# What is a moving screen????



## Ron Mexico (Feb 14, 2004)

People have been whining about it in basketball games lately, I just wanted to know what it is, It would be great if you can describe it for me


----------



## hobojoe (Jun 20, 2003)

Not being completely set while setting a pick. FYI, pick and screen are the same thing, it's just illegal to set one while moving.


----------



## Phenom Z28 (Nov 22, 2004)

When a man goes to set a pick (when an offensive player stands in one spot with his arms held straight down in front of him to act as a wall to thwart off a defensive player who guarding a player) he's still in motion while trying to position himself to set the pick or falls forward, backward, or to the side while the defensive player runs into him.


----------



## got chang (May 16, 2005)

official rules of the NBA 

when you're setting a screen, you're not suppose to move. you're suppose to be like a wall. your feet has to be set. you cant use your arms or shoulds to block off players. if it looks illegal then it probably is.


----------



## Baron Davis (Apr 14, 2004)

PHeNoM Z28 said:


> When a man goes to set a pick (when an offensive player stands in one spot with his arms held straight down in front of him to act as a wall to thwart off a defensive player who guarding a player) he's still in motion while trying to position himself to set the pick or falls forward, backward, or to the side while the defensive player runs into him.


There are also many occasions where the screen setter does move and gets away with it.


----------



## sherwin (Mar 21, 2005)

its trendy to whine about them now, but probably half of screens set in the NBA are illegal anyways


----------



## Ron Mexico (Feb 14, 2004)

thanks guys pretty fast responses


----------



## JNice (Jul 13, 2002)

sherwin said:


> its trendy to whine about them now, but probably half of screens set in the NBA are illegal anyways


Half is probably a pretty low estimate.


----------



## Drewbs (Feb 16, 2004)

Yes, most screens set are moving.

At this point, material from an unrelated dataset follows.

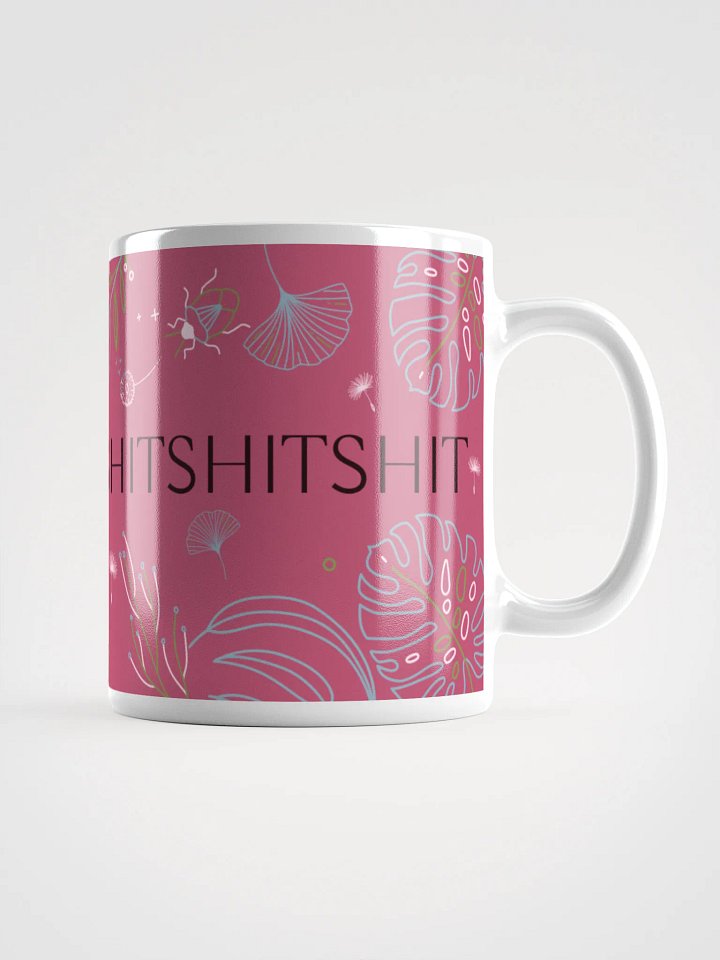 Shit product image (2)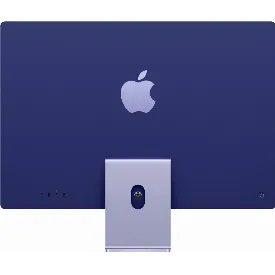 Чехол Apple iPhone 13 Leather Case, Dark Cherry, бордовый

A lot of the times its the ball handlers fault though for trying to dribble off teh screen before the screener sets his feet. To be honest, Im suprised that they call fouls for those.


----------



## vinref194 (Feb 1, 2015)

Key point to remember, which 90% of fans and 5% of officials fail to understand: an illegal screen is NOT a violation, it is a personal foul. There must be contact for the call to be made. The screener CAN move with the defender that he is setting the screen on (anywhere on the court) as long as there is no contact. He must be stopped though, at the point of contact for it to be called a foul.


----------



## R-Star (Jun 13, 2002)

vinref194 said:


> Key point to remember, which 90% of fans and 5% of officials fail to understand: an illegal screen is NOT a violation, it is a personal foul. There must be contact for the call to be made. The screener CAN move with the defender that he is setting the screen on (anywhere on the court) as long as there is no contact. He must be stopped though, at the point of contact for it to be called a foul.


I'm going to call you Vincent: The Referee.


----------



## e-monk (Sep 10, 2010)

google 'Kevin Garnett'


----------